Albuquerque Journal

Mulvaney: Budget has $3B for wall

Conservati­ves rip big spending

- ASSOCIATED PRESS

WASHINGTON — President Donald Trump’s budget director says the budget that the administra­tion sends to Congress today will seek to move some of the billions of dollars in extra spending that Congress approved last week to areas that will reflect the president’s priorities.

Budget Director Mick Mulvaney said Sunday that the administra­tion’s budget plan will include $3 billion for the wall along the southern border that Trump has made a priority, but there will be a contingenc­y for $25 billion in spending on the wall over two years if Congress passes legislatio­n to deal with young immigrants known as Dreamers.

Mulvaney acknowledg­ed the new spending approved last week could result in annual deficits in future years of $1 trillion and higher, but he said the administra­tion will propose ways to avoid that fate.

Trump on Friday signed a $400 billion budget deal that sharply boosts spending and swells the federal deficit, ending a brief federal government shutdown. Trump tweeted that the bill would make the military “stronger than ever before” and the increased spending will mean “JOBS, JOBS, JOBS.”

But irate conservati­ves pointed to projection­s that the increased spending puts the government on track to hit a $1.2 trillion deficit in 2019 and to record trillion-dollar-plus deficits far into the future.

Mulvaney acknowledg­ed Sunday that the forecast for a $1.2 trillion deficit in 2019 was “probably close to being accurate.” But he said the president’s budget for 2019 would show ways to avoid that outcome.

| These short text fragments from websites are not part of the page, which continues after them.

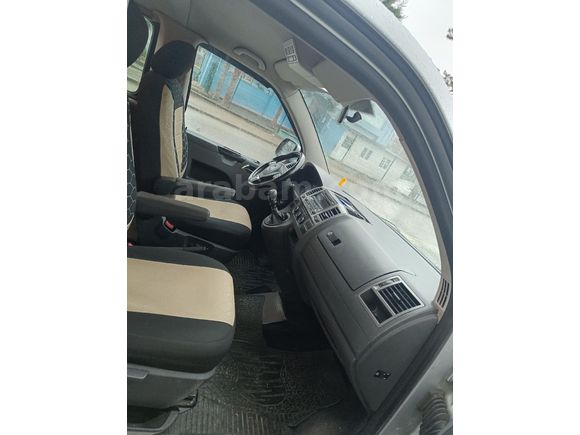 Sahibinden Volkswagen Caravelle 2.0 TDI Trendline 2012 Model  350.000 km Gri (Gümüş)1.degisen etek altı boyalı 4 bin taramer kayitli
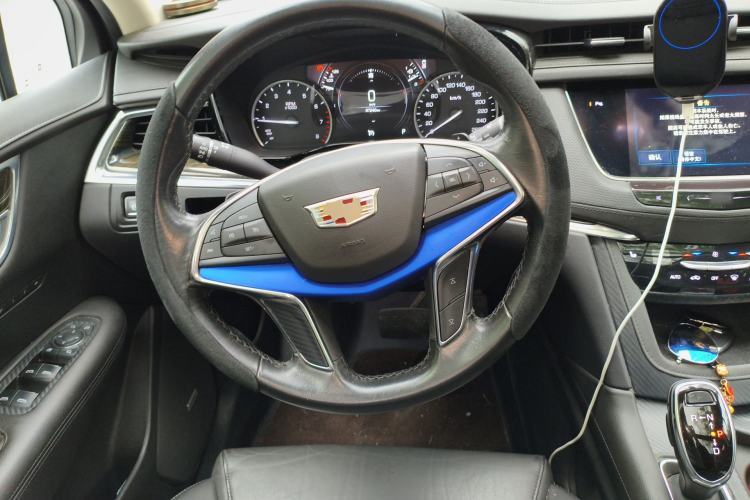 Used Cadillac XT5 2018 28T Four-Wheel Drive Luxury Model Steering Wheel
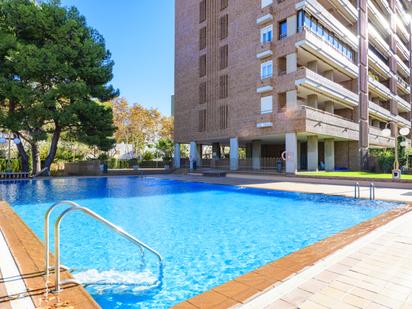 Piscina de Pis en venda en Benicasim / Benicàssim amb Terrassa, Piscina i Balcó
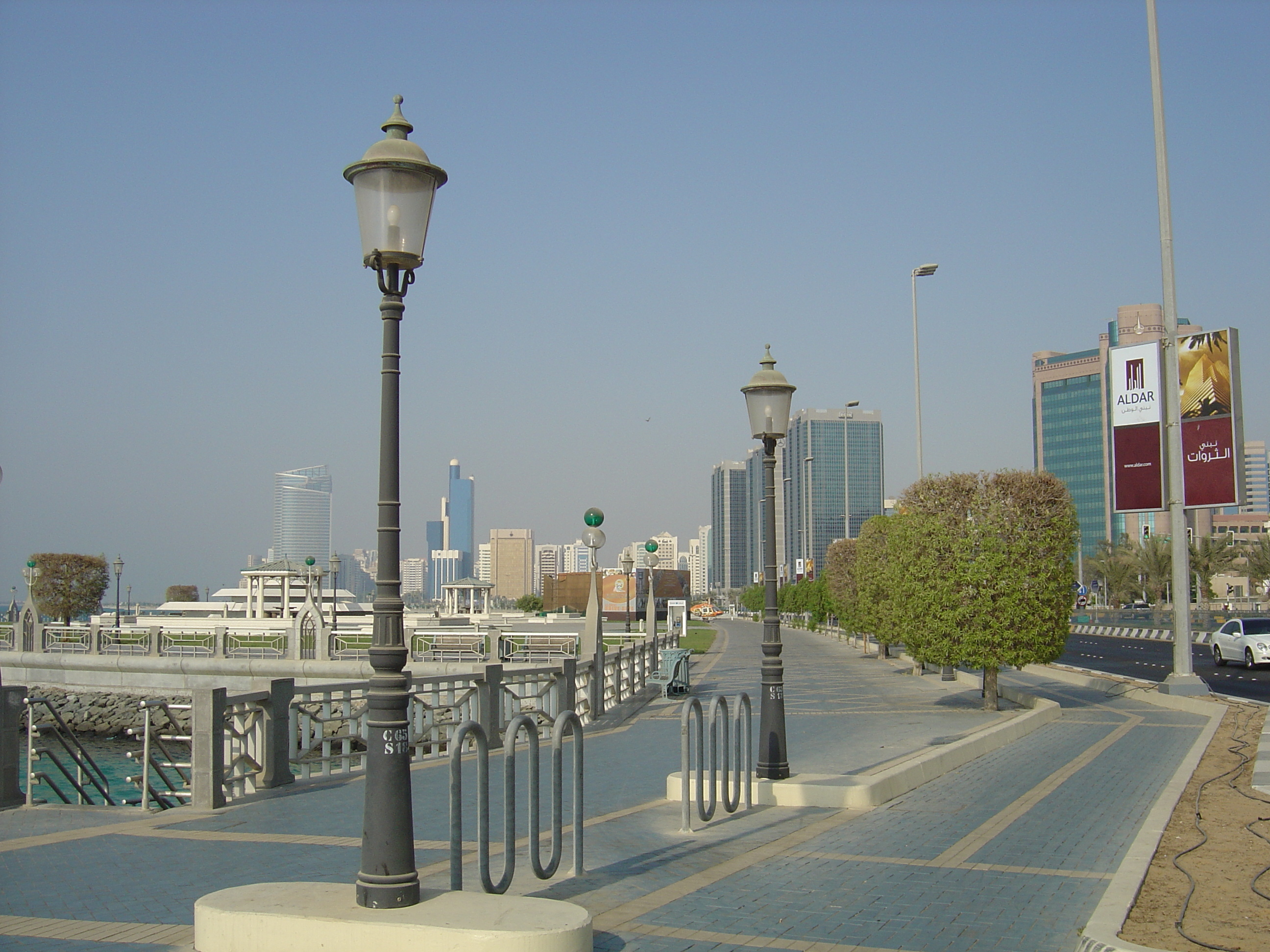 Photo Émirats arabes unis Abu Dhabi 2005-09 11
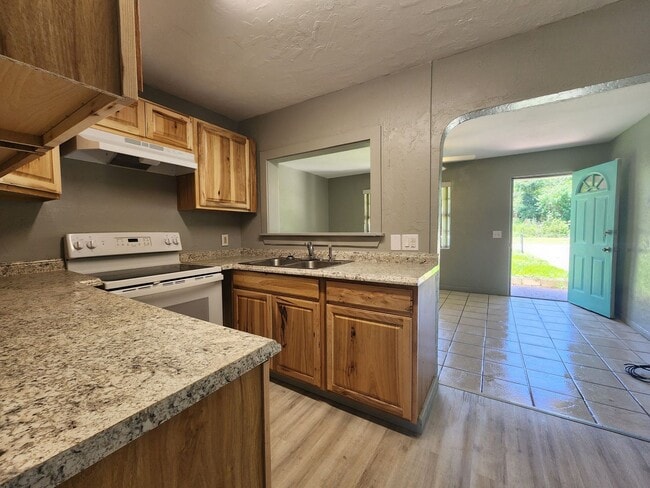 Building Photo - 2 Bedroom 1 Bath Single Family Home w/ Bonus Room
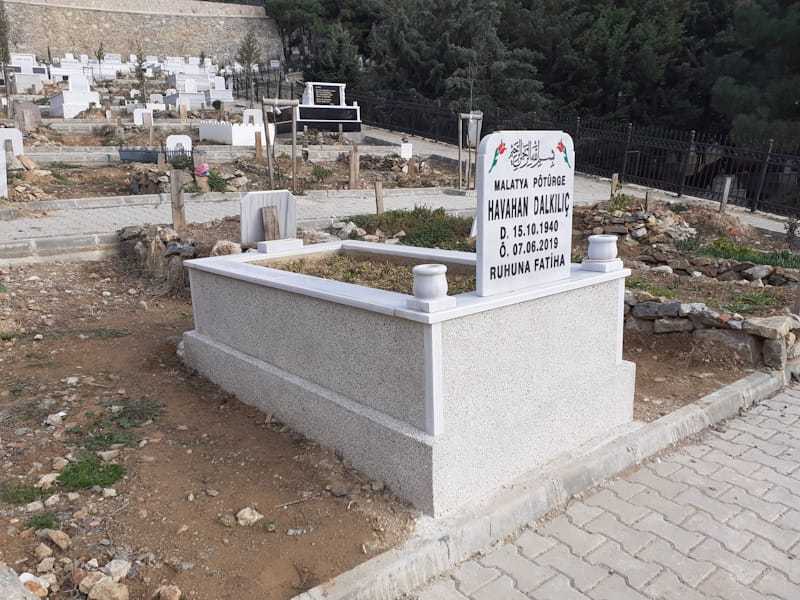 TEK KİŞİLİK VAZOLU MOZAİK MEZAR (1)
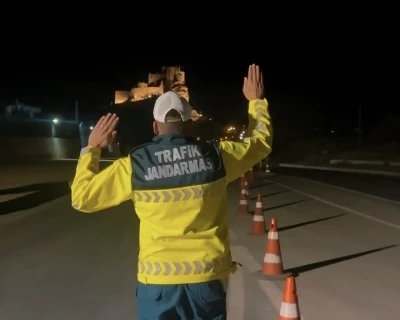 Jandarma ekipleri Hoşap Kalesi yolunda devriyede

“When we roll out the budget on Monday … you are going to get a chance to see how we can avoid that future,” Mulvaney said. “The budget does bend the trajectory down. It does move us back towards balance. It does get us away from trillion dollar deficits. Just because this deal was signed does not mean the future is written in stone. We do have a chance still to change the trajectory. And that is what the budget will show tomorrow.”

Mulvaney said that, while the budget bill approved by Congress does increase money for agencies such as the State Department and the Environmen­tal Protection Agency where the administra­tion in its first budget last year proposed deep cuts, the administra­tion will try to convince Congress to trim those increases.

“There are still going to be the president’s priorities as we seek to spend the money consistent with our priorities and not the priorities that were reflected mostly by Democrats in Congress” in the bill Trump signed on Friday, Mulvaney said.